Grizel glanced up at the ogre captain. He was looking at her with some curiosity. Ogre children her size probably did not speak much. She looked down at Larkspur again. She had promised she would get his heart back for him. She had failed. She began to weep, but it was not a fierce weeping. It was a measured weeping.
And then she remembered the words of the oracle. And it gave her an idea. She knew no magic or enchantment, but she touched her chest with one hand, and Larkspur’s chest with her other hand. His debt was not yet paid. She did not know if death absolved him of it. But she focused with all her heart and will. She asked the spirits to give all her heart to the little fairy, so that he might live.
To her relief, something happened. She felt a hollow in her chest. And she saw that Larkspur was reviving.
When he came to his senses, he was horrified at what Grizel had done. But it was a gift that could not be returned. All he could do was enchant her so that she could live even without a heart. He transformed himself so he grew bigger, as big as her, and she saw that he looked like a little boy, not much older than herself.
The ogres surrounding them were pointing their weapons at both fairy and girl now. And she saw that when Larkspur had died, if only for a moment, the spell of illusion he had placed on her had fallen away. She looked as she was, a human child.
But the ogre captain had a different response. He was astounded at Grizel’s sacrifice. And at the sight of her heart. He only glimpsed it as it passed from her to Larkspur, but he had never see a heart so bright and shining. And it was big, bigger than any he had ever seen, for he had only seen the hearts of ogres and fairies, never the heart of a (mostly) good little girl.
Suddenly, the ogre began to weep.
“Why did she do that?” he moaned. “Kindness?”
“Yes, and more,” Larkspur said. He placed a protective arm around Grizel’s shoulders. He looked upon the befuddled face of the girl. “Love.”
The ogre, still weeping, knelt before the girl. “I have never seen such strength before.”
“That’s what happens when you have a big enough heart and keep it open.” The fairy frowned and turned upon the ogre. “But betrayal also happens when you have a big enough heart and keep it open. And now, thanks to you, she has no heart. She will soon be no better than you witless ogres.”
It was possible to live without a heart, even for a human. But the loss took its dark toll, especially for a human.
“You must let me,” the ogre captain said, turning to the fairy. He placed his hand on his chest and Larkspur’s eyes grew wide. He placed his other hand above Grizel’s heart, or where it should have been if she had one.
Larkspur understood. Any heart was better than no heart, even a tiny and dim ogre’s heart. He cast the enchantment. A dim light passed from the ogre to the girl.

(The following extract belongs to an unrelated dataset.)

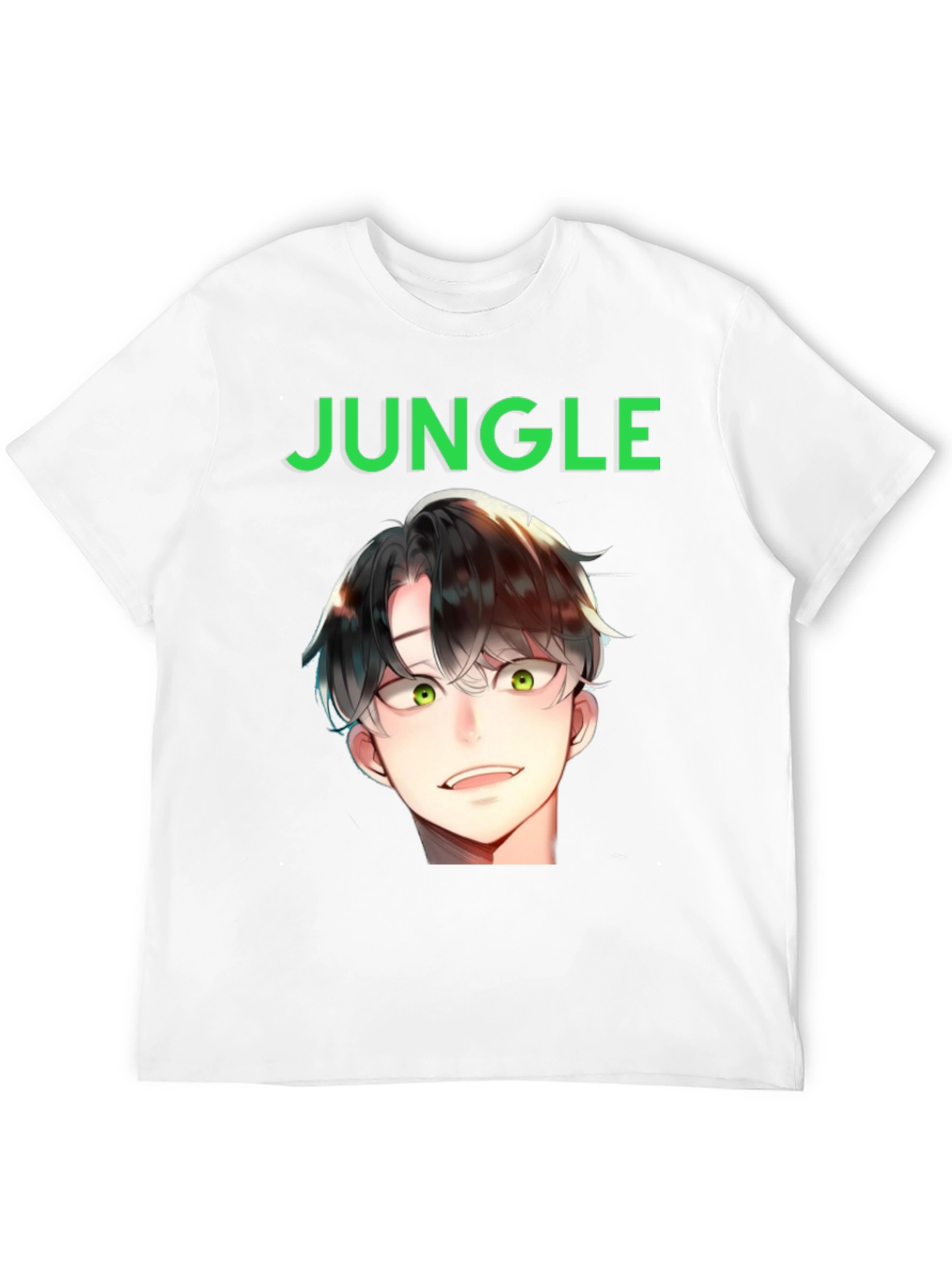Jungle Anime Graphic Tee - Black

“The king has given you his heart!” one of the guards said.
Larkspur frowned. “You’re the king of the ogres?”
The ogre with the gold gauntlet nodded, tried to smile and managed a grimace, and then he lay down and died. Panicked, Larkspur tried to revive him, but even with all his powers restored, he could not. He glanced at all the ogre guards still surrounding him and Grizel. There were a dozen at least. He tried to think how they might escape, then someone spoke.
“Hail, the departed king,” one of the ogre guards said. Then he turned to Grizel. “And hail the incoming queen.”
Grizel gaped as the ogre guards facing her laid their weapons down and bowed.